Yes, there was a time — very long ago — when Shiller often was the only voice of dissent at City Hall. She was duly lionized as the sole alderman who even dared to question then-Mayor Richard M. Daley’s judgment publicly.

Those days ended abruptly, about halfway into Daley’s 22-year reign. For many years, Shiller was as reliable a vote for the mayor’s agenda as any of the aldermen minted by Daley’s machine.

From 2007 until 2011 — Daley’s last term and also Shiller’s final four years as 46th Ward alderman — Shiller took the mayor’s side in 96 percent of the divided City Council votes, according to Dick Simpson, the University of Illinois at Chicago political science professor and former alderman.

Shiller now wants to give up her post-retirement career as her son’s City Hall lobbying partner to come back to the council — not as an alderman but in the higher-paying role of the legislative branch’s first financial analyst.

As my colleague Fran Spielman first reported earlier this month, Shiller has contacted council members to express interest in the newly created post, which will be counted on to provide aldermen with information generated independently of the mayor’s office. It will pay $130,000 a year, far more than Shiller’s salary when she represented the mostly downscale precincts of Uptown.

Shiller told me this week that she sees the opening as a “dream opportunity” for which she certainly will put in her application once the job is posted.

“I think I’m very independent,” she says. “But I don’t think that’s the point. I was always the budget person.”

She shrugged off her record of voting almost in lockstep with Daley.

“This notion of independence doesn’t have a lot of breadth or depth if you define it as voting for or against something,” Shiller said. “The issue for me is if you have the ability to have real discussions about policy issues that have an impact on people’s lives.”

The times when Shiller did not stand up to Daley included the 2008 deal to privatize the city’s parking meters. In an interview in 2011 with examiner.com, Shiller said she was out of town at the time of the meter vote and had some concerns about the measure, but added, “If I had been here, I probably would have voted for the parking meter deal because of our budget constraints.”

She voted for the budget plans that quickly burned through almost all of the $1.15 billion windfall from the parking privatization, leaving her council successors and Mayor Rahm Emanuel to grapple with severe fiscal problems.

This week, Shiller couldn’t recall the last time she voted against a mayoral budget. That’s of no consequence, she says, because she “helped craft a better product” even in every case in which she cast votes in favor of Daley’s spending plans.

The last four years of the Daley II era were far from Council Wars II. The council never defeated any of the mayor’s proposals during what Simpson described as a time of “general subservience and limited dissent.”

Still, Shiller says one of the main reasons she decided to step down after 24 years on the council was the growing divisiveness at City Hall in her final years. She apparently did not relish seeing others do what she had been famous for once.

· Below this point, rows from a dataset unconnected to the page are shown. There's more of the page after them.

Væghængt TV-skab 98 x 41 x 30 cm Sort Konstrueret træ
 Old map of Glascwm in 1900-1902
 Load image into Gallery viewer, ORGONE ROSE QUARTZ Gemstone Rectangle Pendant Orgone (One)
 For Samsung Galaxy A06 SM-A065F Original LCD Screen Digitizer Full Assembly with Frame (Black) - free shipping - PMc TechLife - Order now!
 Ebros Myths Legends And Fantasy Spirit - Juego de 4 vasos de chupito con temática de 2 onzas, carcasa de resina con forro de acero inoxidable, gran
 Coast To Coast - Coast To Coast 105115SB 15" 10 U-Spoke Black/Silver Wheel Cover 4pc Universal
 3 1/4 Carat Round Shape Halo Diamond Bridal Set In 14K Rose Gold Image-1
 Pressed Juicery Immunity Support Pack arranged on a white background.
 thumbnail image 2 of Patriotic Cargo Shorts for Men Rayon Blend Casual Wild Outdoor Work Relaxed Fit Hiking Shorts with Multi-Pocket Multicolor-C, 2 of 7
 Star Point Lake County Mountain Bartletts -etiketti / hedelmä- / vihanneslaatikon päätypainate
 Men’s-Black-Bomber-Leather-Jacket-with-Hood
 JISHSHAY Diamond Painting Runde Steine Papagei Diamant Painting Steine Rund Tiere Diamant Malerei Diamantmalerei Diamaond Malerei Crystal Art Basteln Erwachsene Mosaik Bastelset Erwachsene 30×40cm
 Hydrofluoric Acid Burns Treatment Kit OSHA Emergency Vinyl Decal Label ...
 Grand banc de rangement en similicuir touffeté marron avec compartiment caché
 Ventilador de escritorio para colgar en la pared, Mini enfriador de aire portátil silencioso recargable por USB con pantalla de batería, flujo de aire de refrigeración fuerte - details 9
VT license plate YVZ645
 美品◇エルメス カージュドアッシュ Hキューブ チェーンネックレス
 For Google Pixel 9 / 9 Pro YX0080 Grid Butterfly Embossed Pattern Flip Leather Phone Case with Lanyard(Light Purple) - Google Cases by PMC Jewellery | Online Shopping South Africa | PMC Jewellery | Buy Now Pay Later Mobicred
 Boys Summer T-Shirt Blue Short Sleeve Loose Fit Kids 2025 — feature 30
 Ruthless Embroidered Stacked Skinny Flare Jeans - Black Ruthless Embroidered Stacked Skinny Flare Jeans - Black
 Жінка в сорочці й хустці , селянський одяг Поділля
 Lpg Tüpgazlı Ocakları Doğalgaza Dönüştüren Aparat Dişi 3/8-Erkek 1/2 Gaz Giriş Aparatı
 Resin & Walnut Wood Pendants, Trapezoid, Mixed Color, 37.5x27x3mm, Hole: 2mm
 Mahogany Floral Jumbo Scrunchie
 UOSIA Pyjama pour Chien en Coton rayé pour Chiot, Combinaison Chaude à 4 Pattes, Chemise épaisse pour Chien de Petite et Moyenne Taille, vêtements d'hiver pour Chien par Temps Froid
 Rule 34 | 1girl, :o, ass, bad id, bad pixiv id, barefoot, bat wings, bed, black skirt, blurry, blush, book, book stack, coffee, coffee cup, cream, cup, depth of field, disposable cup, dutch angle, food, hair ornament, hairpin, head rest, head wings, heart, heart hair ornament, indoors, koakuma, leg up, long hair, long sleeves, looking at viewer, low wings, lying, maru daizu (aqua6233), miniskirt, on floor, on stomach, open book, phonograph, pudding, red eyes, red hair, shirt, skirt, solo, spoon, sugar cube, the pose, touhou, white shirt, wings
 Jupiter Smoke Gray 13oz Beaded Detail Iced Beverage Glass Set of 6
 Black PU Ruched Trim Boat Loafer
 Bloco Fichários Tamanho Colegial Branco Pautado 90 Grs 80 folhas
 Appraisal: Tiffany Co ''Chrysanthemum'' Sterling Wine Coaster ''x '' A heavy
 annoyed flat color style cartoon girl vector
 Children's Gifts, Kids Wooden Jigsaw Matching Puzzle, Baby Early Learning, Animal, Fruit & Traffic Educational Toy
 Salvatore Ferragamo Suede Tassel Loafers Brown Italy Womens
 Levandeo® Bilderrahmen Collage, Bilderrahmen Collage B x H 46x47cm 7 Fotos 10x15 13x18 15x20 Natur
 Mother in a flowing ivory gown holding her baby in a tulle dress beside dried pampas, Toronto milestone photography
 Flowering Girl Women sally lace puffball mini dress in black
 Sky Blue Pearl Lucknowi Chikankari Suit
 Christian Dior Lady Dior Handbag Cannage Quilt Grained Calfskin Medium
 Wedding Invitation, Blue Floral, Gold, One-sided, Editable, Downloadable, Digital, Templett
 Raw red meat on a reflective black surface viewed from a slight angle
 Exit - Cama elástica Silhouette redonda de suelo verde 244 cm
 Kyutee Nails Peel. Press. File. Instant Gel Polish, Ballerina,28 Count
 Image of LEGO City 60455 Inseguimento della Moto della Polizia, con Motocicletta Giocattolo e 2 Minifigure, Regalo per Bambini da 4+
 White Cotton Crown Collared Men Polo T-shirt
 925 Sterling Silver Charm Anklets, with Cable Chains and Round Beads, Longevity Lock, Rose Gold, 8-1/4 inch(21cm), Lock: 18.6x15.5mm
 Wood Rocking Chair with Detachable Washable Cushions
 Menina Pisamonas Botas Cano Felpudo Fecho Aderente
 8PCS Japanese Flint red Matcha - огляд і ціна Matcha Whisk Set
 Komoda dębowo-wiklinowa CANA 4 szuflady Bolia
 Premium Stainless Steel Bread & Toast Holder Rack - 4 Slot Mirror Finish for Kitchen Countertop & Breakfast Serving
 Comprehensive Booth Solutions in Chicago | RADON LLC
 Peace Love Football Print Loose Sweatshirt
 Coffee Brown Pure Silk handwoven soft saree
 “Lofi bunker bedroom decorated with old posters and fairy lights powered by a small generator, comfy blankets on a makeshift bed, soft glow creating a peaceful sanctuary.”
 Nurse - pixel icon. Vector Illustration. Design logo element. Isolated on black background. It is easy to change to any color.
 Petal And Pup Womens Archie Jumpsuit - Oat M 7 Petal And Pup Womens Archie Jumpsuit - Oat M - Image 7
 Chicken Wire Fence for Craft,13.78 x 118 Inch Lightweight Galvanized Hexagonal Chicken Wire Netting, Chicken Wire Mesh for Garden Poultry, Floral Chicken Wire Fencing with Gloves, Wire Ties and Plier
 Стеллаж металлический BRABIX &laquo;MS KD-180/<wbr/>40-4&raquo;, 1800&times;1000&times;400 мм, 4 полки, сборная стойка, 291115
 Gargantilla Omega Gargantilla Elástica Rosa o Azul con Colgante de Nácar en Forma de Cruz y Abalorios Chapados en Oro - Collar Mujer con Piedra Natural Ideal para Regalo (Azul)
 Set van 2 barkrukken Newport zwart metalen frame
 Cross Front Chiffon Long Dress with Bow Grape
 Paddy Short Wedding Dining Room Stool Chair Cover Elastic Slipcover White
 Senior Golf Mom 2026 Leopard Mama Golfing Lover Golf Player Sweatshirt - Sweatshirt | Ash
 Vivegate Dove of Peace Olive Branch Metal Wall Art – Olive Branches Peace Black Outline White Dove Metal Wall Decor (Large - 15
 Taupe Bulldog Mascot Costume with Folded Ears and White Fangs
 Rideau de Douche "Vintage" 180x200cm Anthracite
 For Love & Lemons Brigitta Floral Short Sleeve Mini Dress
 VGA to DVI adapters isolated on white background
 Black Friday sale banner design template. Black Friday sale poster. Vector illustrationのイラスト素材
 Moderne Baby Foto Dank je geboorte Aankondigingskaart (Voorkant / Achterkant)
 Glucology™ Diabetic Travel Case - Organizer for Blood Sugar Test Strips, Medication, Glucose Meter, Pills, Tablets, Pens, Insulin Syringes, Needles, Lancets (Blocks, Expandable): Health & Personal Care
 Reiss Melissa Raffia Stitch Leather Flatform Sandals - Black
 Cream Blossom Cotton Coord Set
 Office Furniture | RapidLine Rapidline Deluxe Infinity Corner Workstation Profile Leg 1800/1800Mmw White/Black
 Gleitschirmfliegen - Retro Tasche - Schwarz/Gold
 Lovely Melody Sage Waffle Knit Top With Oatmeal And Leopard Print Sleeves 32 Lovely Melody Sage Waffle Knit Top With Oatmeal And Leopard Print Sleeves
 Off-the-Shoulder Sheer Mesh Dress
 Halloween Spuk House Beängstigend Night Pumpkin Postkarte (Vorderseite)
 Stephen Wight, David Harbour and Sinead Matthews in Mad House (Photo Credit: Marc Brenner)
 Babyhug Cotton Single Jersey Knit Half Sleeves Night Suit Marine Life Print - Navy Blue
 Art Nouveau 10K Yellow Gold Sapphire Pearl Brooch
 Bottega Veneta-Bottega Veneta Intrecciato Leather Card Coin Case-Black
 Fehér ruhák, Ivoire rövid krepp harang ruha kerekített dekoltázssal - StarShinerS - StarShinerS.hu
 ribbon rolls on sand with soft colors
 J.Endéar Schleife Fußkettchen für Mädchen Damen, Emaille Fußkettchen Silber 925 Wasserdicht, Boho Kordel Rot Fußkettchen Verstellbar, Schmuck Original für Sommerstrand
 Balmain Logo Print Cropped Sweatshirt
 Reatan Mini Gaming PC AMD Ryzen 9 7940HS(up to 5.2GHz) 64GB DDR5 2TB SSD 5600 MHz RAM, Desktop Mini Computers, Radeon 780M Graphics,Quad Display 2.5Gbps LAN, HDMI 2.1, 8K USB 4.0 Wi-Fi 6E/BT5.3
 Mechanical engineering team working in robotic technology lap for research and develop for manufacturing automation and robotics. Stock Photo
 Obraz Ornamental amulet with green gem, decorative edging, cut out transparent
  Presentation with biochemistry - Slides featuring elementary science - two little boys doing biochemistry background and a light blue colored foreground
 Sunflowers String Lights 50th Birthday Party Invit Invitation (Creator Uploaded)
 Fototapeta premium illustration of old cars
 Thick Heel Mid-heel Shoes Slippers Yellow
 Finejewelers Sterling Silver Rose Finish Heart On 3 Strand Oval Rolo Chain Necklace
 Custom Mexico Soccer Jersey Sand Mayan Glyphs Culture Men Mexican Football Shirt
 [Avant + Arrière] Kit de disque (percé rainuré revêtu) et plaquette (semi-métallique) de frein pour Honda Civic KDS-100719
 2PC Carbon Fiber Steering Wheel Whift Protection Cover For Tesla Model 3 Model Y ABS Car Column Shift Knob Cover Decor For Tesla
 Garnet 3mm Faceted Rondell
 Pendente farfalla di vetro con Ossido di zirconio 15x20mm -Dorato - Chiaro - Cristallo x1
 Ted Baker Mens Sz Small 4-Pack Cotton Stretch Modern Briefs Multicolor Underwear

“It was very hard to function in the polarized situations that occurred so often,” she said. “I’m more interested in solving the problem.”

Ameya Pawar, the rookie 47th Ward alderman who pushed to create the new financial analyst’s office, says the selection committee could consist of him, Ald. Pat Dowell (3rd), Ald. Michele Smith (43rd) and perhaps a representative of the council’s Latino caucus.

“Everyone’s getting ahead of themselves,” Pawar said when asked about Shiller’s chances of being picked. “Any speculation that the job will go to one particular person is premature.”

Pawar said he has received inquiries about the job from around the country, including from someone with a doctorate in transportation policy and from a person who played a similar role in another state.

Shiller says she’s sure she can do better than any potential rival.

“I’m uniquely situated to hit the ground running,” she said. “I really do think we don’t need to wait a couple years for someone to find out what’s what and who’s who in the city.”

If she gets the job, the Shiller of legend would have to become reality again or the new financial analyst’s office may not be very independent.